When I first see this article, it shatters my naïve perceptions about a progressive and tolerant Indonesia. I have been looking on at the events in Egypt and Libya and other parts of the Muslim world, as being far from the reality in this laid back archipelago.   The first I hear of it is when my American customers, urged by their Government to stay away, cancel their trip to the factory for fear of anti-US aggression.  Thus, my already challenging job, trying to develop new business for an expensive supplier in one of the most competitive of global industries, suffers another setback.    Further discussions with local friends have revealed that the non-governmental group described in the above article represents a minority that wields the kind of policing power and influence that another, more well-known, organisation with a similar acronym might aspire to. Tough penalties are often arbitrarily metered out to those that don’t comply with their own religious laws.   Just as in China, where we are currently seeing anti-Japanese demonstrations and emotionally charged outrage on the streets following renewed Japanese claims over a small uninhabited island’s sovereignty ,  under the surface of this society a dormant beast awaits, which could, at any moment, manifest its fury in an eruption of seismic proportions when sensitivities are triggered.  In China’s case, at the level of the common man, it is not about access to resources or historical ownership, but a burning nationalism suddenly fuelled by a reminder of historical wrongdoings and imperial atrocities.  A smooth surface can mask convincingly many underlying tensions, until they spring up suddenly from a soil made fertile by insult, injustice, fear, opportunity or oppression, perceived or otherwise.
It was in this way that the Japanese policies of segregation and internment along racial grounds provoked tensions between groups of people who once coexisted, in the main, relatively peacefully on Java. The Japanese, eager to wipe out a European presence throughout Asia, naturally considered the Dutch to be their biggest threat in the Indies.  Their targets were initially limited to those who fell into the category of  “Totok Belanda” civilians (pure Dutch, as opposed to Belanda Indo, those of mixed Indonesian and Dutch blood), primary targets amongst them being those who held prominent positions or had links to the Dutch military.  Through a mixture of fear, anti-Dutch propaganda and incentive, the Japanese succeeded in awakening a buried nationalist aspiration, turning a portion of the local population against their previous Masters.  Most Dutch civilians, some of whom had been born in the Indies and had never lived in Holland, were eventually interned.  The women and children were sent to Karees or Tjihapit, the residential areas initially allocated for “voluntary internment”, ostensibly for the “safety” of these civilians in an increasingly hostile environment. Anyone who lived in those areas who was not of pure Dutch blood, was forced to move out.  Those totok Belandas who were unlucky enough to find themselves already within the boundaries of the large, designated camp areas, and those who were the first to be interned, initially were afforded some freedom of movement.  However, the need to control a growing number of internees led to the construction of gedek walls (made of plaited bamboo strips and topped with barbed wire) surrounding the entire camp areas, thus demanding an end to any illusions that they were to be anything other than civilian prison camps.

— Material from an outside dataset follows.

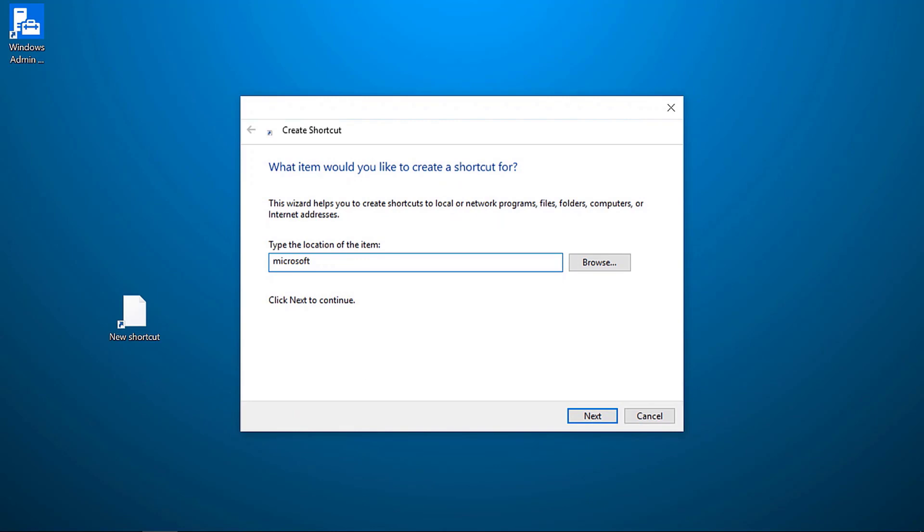Here I need to tell it that I want to start Edge, which is done by entering microsoft-edge and a colon. Then I enter the URL I want to open. I've left WAC at the default settings, so it's localhost and port 6516.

Gedek wall with watchtower, behind the wall the rooves of the houses can be seen (drawing by Oliemans-Statius Muller J
At this time, Marianne Van Bael, (my Oma), born in Gross Hollandstein in Austria to Austrian parents, hoped to rely on her own ancestry to keep herself and her bi-lingual children safe.  And so Marianne Van Bael-Knoll, like so many others, set about distancing herself from her adopted Dutch nationality, destroying any documents that, during a house search, might betray her as a Dutch military wife, and severing, at least on the surface, a link with a Dutch POW husband who was now interned in Singapore’s notorious Changi prison. 
As time went on, the question over the loyalties of those of mixed blood, a section of the population that was large in size and extremely complicated to define, became an increasingly pressing issue for the occupying Japanese.  Many within this group were well educated, holding prestigious administrative jobs and could speak Dutch.  Others however were poorer and aside from perhaps a European name or distinctive European appearance, were indistinguishable from their pure Indonesian compatriots from the point of view of culture, way of life, living standards and views about their identity.  The Japanese in Bandung realised that incarceration of the whole of this section of society would have been impossible and so a complicated system of classification was eventually devised and everyone was required to register for a Pendafteran or ID card that reflected the Group to which they belonged.  The list of groups describes in simplistic terms the various degrees of “Dutchness” represented by this section of society, prompting those who fell into some of the more ambiguous categories to do whatever they could to distance themselves as much as possible from their Dutch roots, just as Tikus (Marianne) had done.  Some did this by searching for and submitting documentation as proof of ancestry whilst others resorted to the use of false identity cards.  A racial divide was created, particularly between those who were keen to pronounce that they were of pure Indonesian blood and those of that large section of the population who fell within one of the following categories:
Group 1:  Totok father and Eurasian mother
Group 2:  Totok mother and Eurasian father
Group 3:  Eurasian mother and Eurasian father
Group 4:  Totok father and Indonesian mother
(Group 5:  Totok father and totok mother)
Group 6:   Indonesian mother and totok father
Group 7:   Indonesian father and Eurasian mother
Group 8:  Indonesian father and a non-Indonesian, but Asian mother
List from  “Tjideng Reunion” by Boudewyn Van Oort (originally from Bouwer, Het vermoorde land)
 The threat of betrayal of those Belanda Indos that went into hiding by a minority of Indonesians who sided with the Japanese, encouraged by concessions regarding future governance and other incentives, shadowed them wherever they went.  Some of these betrayals were also inspired by the opportunity to redress or even reverse a previously accepted hierarchy, originally conceived along racial and educational lines.
It was during this time that Braga Weg (Jalan Braga) commenced its gradual, downward spiral from symbol of Paris van Java to seedy strip and run down inner city district, echoing the gradual process of removal of European faces from the streets of Bandung.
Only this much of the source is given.